About five of us joined in; I was nervous but determined. The class started with some basic steps; something to shake up the body and get us in the mood; the idea was to follow the count 1,2,3 and 5,6,7 one leg had to move in the opposite direction to the other one at a time and so we continued little by little, step by step from one movement to another with the teacher guiding us, taking us almost like children learning to walk; this was more than a salsa class in Bogotá it was an experience of Colombia a way in which we were connecting more and more to the culture and feeling of the Colombian; the teacher slowly enveloped us in the instructions of the steps and the stories of the Colombian culture and its connection with salsa; after about 40 minutes one of my two right legs had finally been transformed almost magically by Gabriela’s spells into a left leg and amazingly I, a 30-year-old man from northern Germany, was dancing.

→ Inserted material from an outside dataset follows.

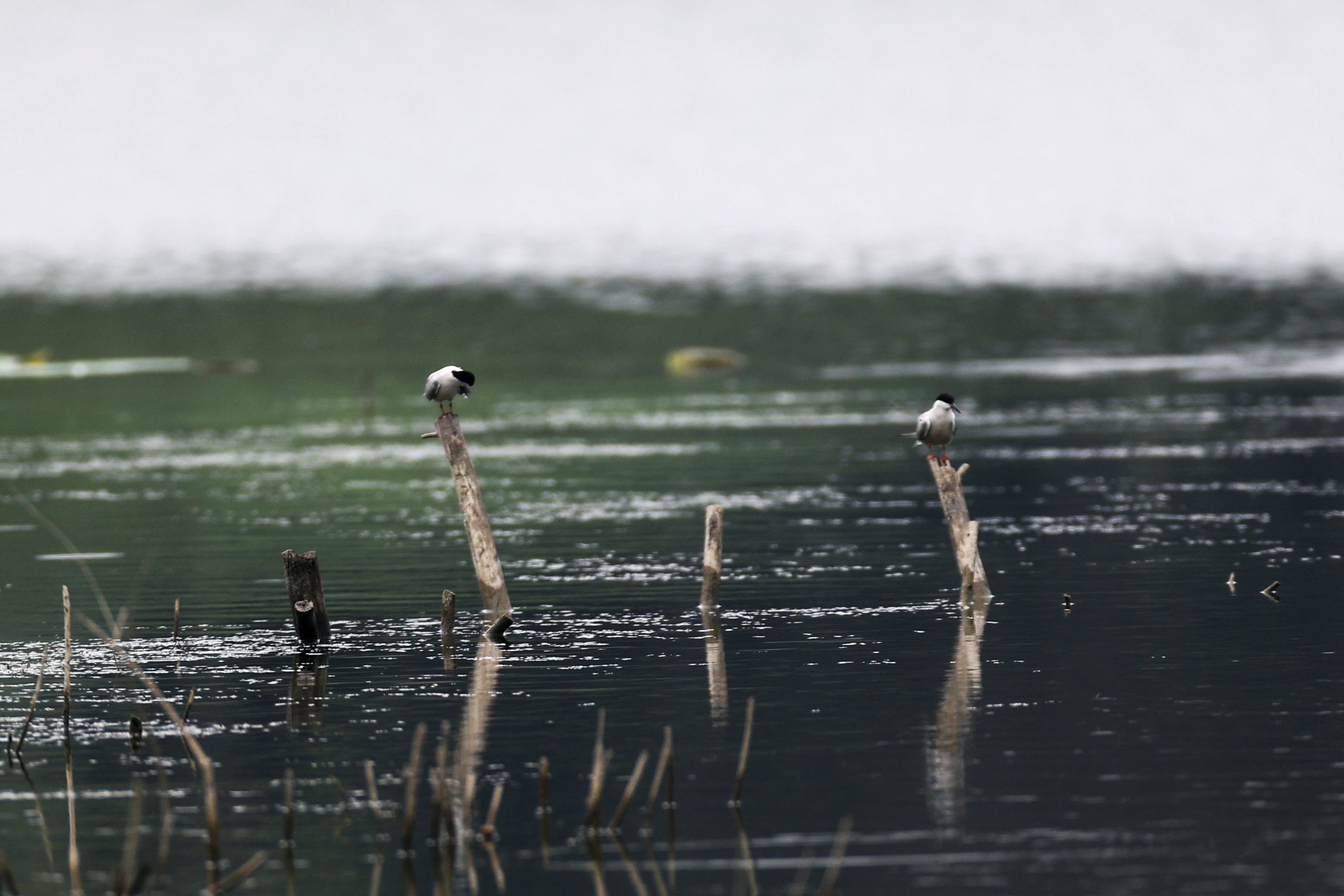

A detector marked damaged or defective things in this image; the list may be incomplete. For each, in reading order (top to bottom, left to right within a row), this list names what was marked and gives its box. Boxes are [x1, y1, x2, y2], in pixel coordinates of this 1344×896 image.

broken wooden stake [282, 553, 332, 645]
broken wooden stake [432, 413, 511, 631]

After an hour or so we had finished class; I approached the teacher and asked her:
—Gabi, do you think that if I go tonight to Goce Pagano, the place to dance salsa that you recommended to us, but I don’t speak Spanish, it will be bad?
—You already speak the best language; the language of ballet and this is much more important than speaking Spanish here in Colombia! —said Gabriela.
By Fredy Calderón.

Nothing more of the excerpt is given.